━━━ Data records ━━━

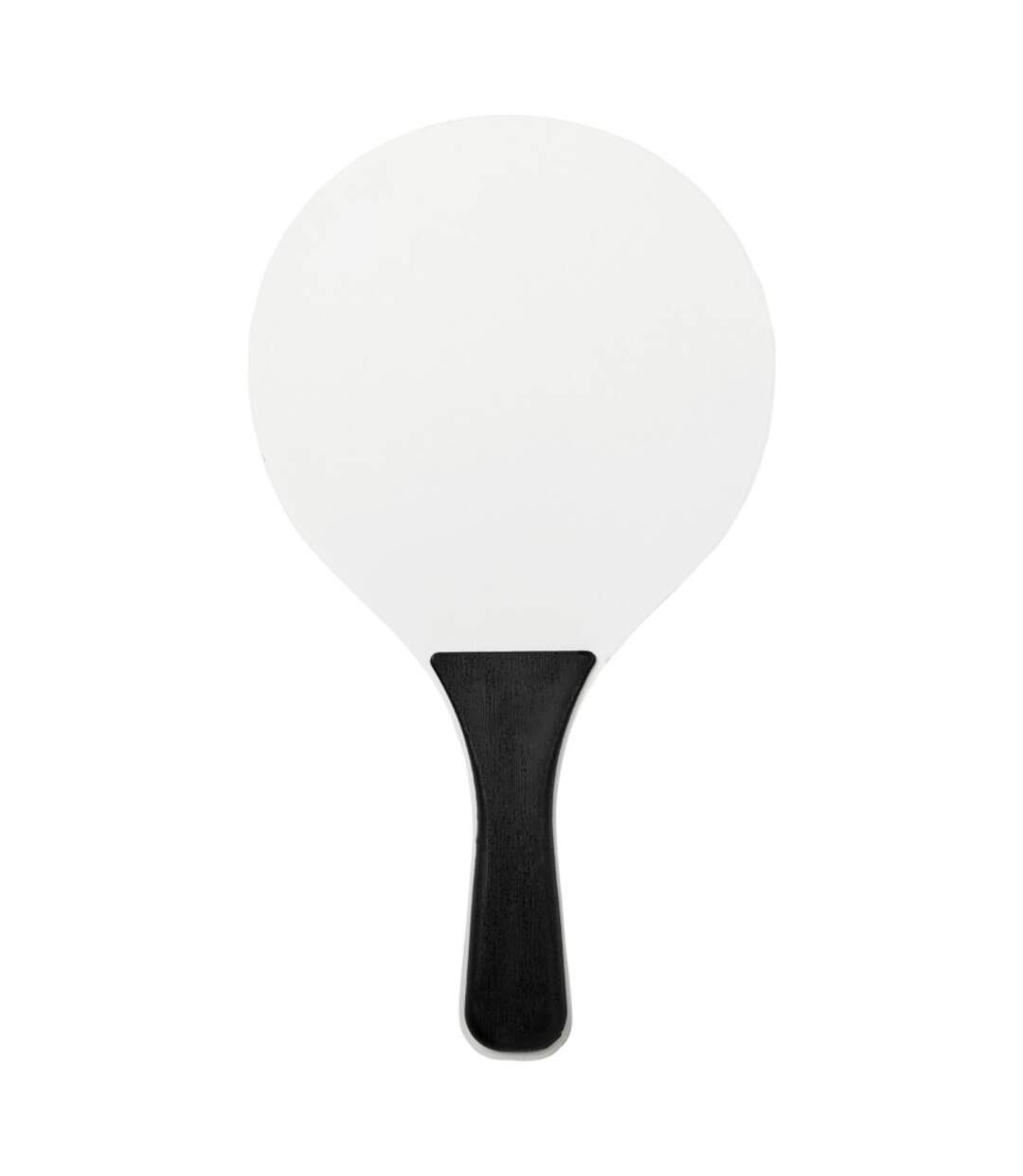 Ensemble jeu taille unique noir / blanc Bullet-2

━━━
━━━ Data records ━━━

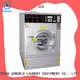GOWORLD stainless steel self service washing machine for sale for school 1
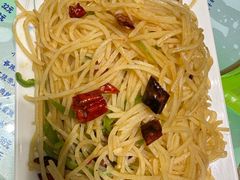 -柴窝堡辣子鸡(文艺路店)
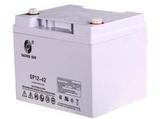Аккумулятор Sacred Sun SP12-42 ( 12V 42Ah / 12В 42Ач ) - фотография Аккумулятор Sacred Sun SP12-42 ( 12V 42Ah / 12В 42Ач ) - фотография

━━━

▸ **Task objective**
Using the data above, set down each line from the line with "GOWORLD stainless steel" to the line with "- фотография Аккумулятор" exactly, both ends included, and leave the pictures behind. Nothing else belongs.

▸ **Answer below**
GOWORLD stainless steel self service washing machine for sale for school 1
 -柴窝堡辣子鸡(文艺路店)
Аккумулятор Sacred Sun SP12-42 ( 12V 42Ah / 12В 42Ач ) - фотография Аккумулятор Sacred Sun SP12-42 ( 12V 42Ah / 12В 42Ач ) - фотография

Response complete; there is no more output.